Archrival’s site-specific installations explore new ways of thinking and creating by taking a collaborative approach to architecture.
January 23rd, 2012
Visitors to the Hyde Park Barracks during this year’s Sydney Festival may be surprised to encounter a moody, tactile installation comprising a series of chairs, benches and ottomans made of repurposed furniture and cloaked in a heavy, sculptural concrete fabric.



It’s not something you might normally find in an outdoor festival bar, and yet the furniture pieces create an inviting sense of play, their curved forms in contrast with the formal architecture of their surroundings.
Entitled Concrete Colony, the project is the work of Archrival, a not-for-profit organisation founded and led by architects Claire McCaughan and Lucy Humphrey. McCaughan, Humphrey and a revolving group of collaborators work together to create site-specific installations where the process of creation is just as important as the end product.

Lucy Humphrey (left) and Claire McCaughan
Archrival is all about providing an outlet for architects and designers outside of regular commercial practice, creating unsolicited new work within a short timeframe. It’s also about encouraging collaboration and interaction in an industry that’s often characterised by competition and rivalry.
The initiative’s first project, The Eleventh Hour (featured on Indesignlive here) was a good introduction to the group’s philosophy and way of working. A series of archways installed at Sydney’s Carriageworks invited visitors to interact with the space and alter it over the course of the exhibition using metres and metres of woven string.

“We were trying to see if we could get people working together; whether they’d come, whether they’d be interested,” Humphrey recalls. “And then on the first Saturday we had 100 people in there weaving!”


The hardest aspect of the project proved letting it go and take on a life of its own. “As designers we normally have quite a lot of control over what we do, and that was a perfect example of what we [were] saying – let’s invite everyone and not direct them, and let them have the freedom to just be involved in the work,” Humphrey explains.
“It was a learning process for us as well.”
Concrete Colony invited a number of diverse design professionals to a series of workshops, where they created 10 pieces out of recycled furniture and a thick, heavy concrete cloth. The hands-on nature of the task called for everyone to work closely together and put new skills to use.


“Ideally, we want to people who collaborate with us to take the skills back to their practices,” says McCaughan. “I think it affects the way I work in the studio, and hopefully it will affect other people as well.”
“It’s very physical; it’s a different way of forming,” says Humphrey. “Day to day architecture is very prescribed, very neat, and this is just physical building. It’s a more direct physical way of making things.”
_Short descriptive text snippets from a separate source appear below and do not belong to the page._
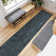 Kaira Soft Non-Slip Indoor Rug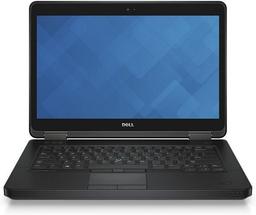 Renoverad Dell Latitude E5440 Laptop 14" - Reebelo Sverige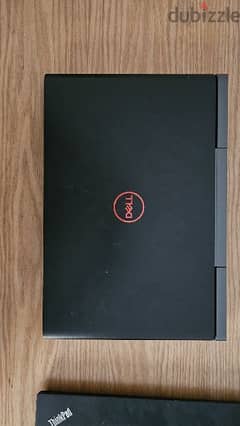 Dell G5 5587 Gaming Laptop 0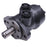 25'' G1/2'' Hydraulic Orbital Motor OMR80 151-0711 OMR x 80 - 11186671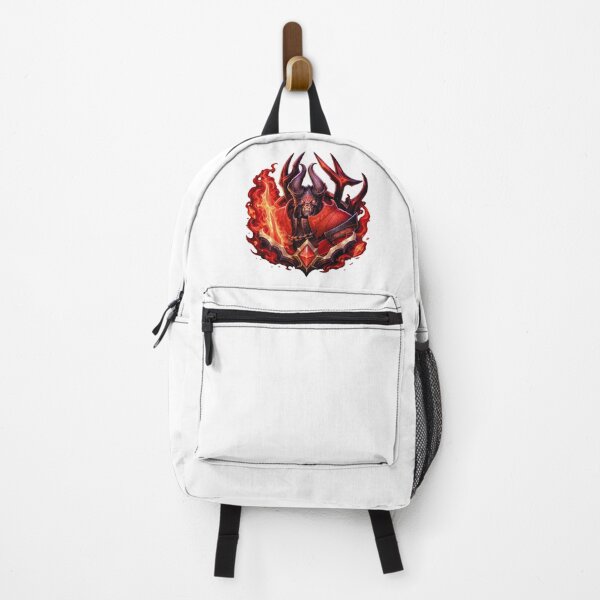 Item preview, Everyone will be doomed designed and sold by SergeyDigital.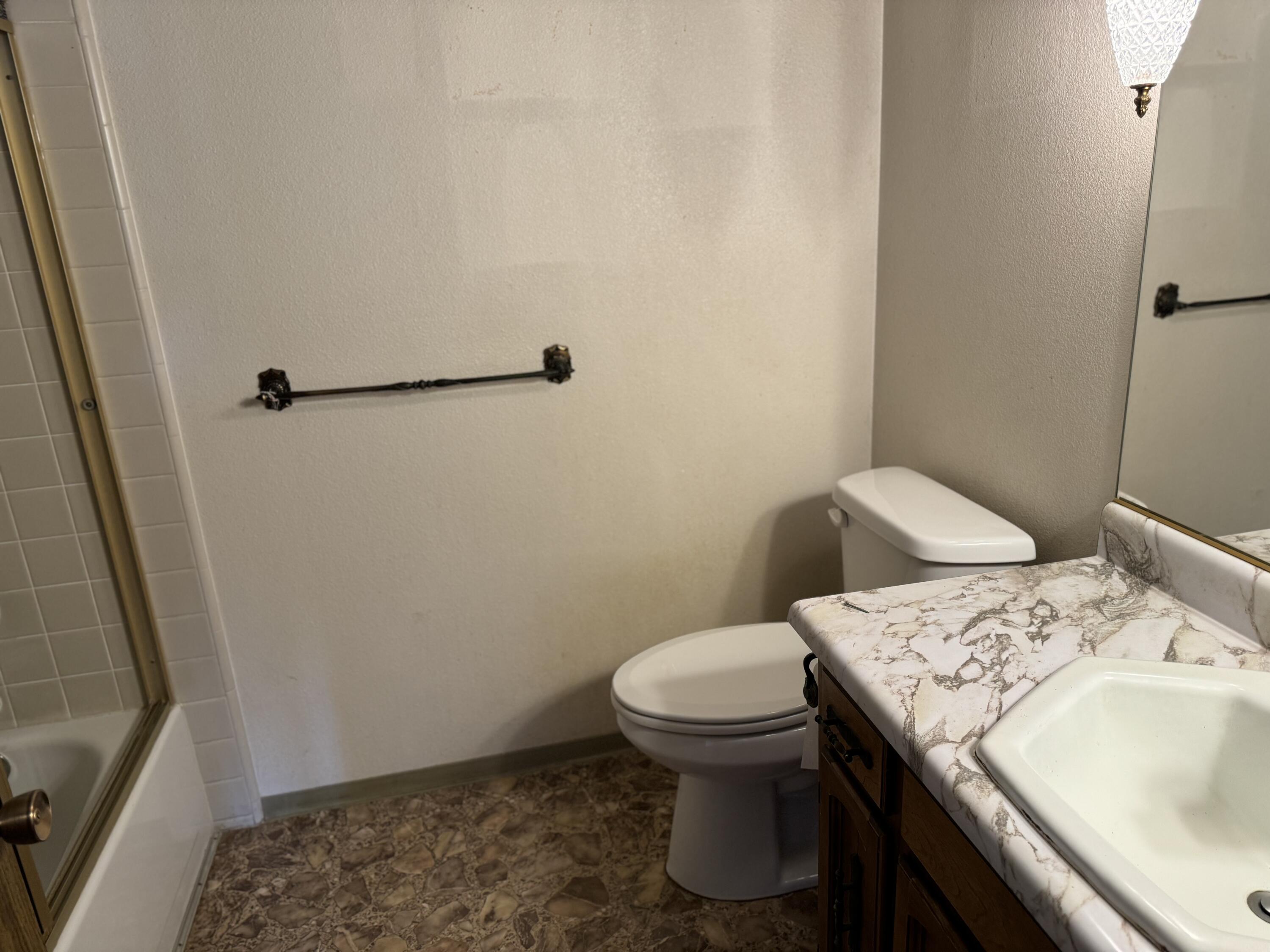 Evon Acres - Residential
McCaughan, a Project Architect at Sam Crawford Architects, and Humphrey, who runs her own design studio, are now working on a project that will exhibit at the Australian Pavilion at the Venice Biennale of Architecture in 2012. One of 6 teams chosen to exhibit, they’re keen to create something effective but understated in an exhibition that can be overpopulated and overwhelming.
“We don’t want to add to all that,” McCaughan says. “We want to provide another experience and question the way [the exhibition] is curated.”
Ephemeral and site-specific, Archrival’s projects use their temporality to their advantage.
“It’s all about speed,” Humphrey explains. “If you want to create relevant ideas, you need to do it fast. If you’ve got that big time lapse between having the idea and then taking so long to produce it, the idea’s maybe not so relevant as it was, or not as new as it was.
“Being able to do things quickly and say ’this is important, this is our focus, this our big idea about this space’, you can keep it going, move faster.”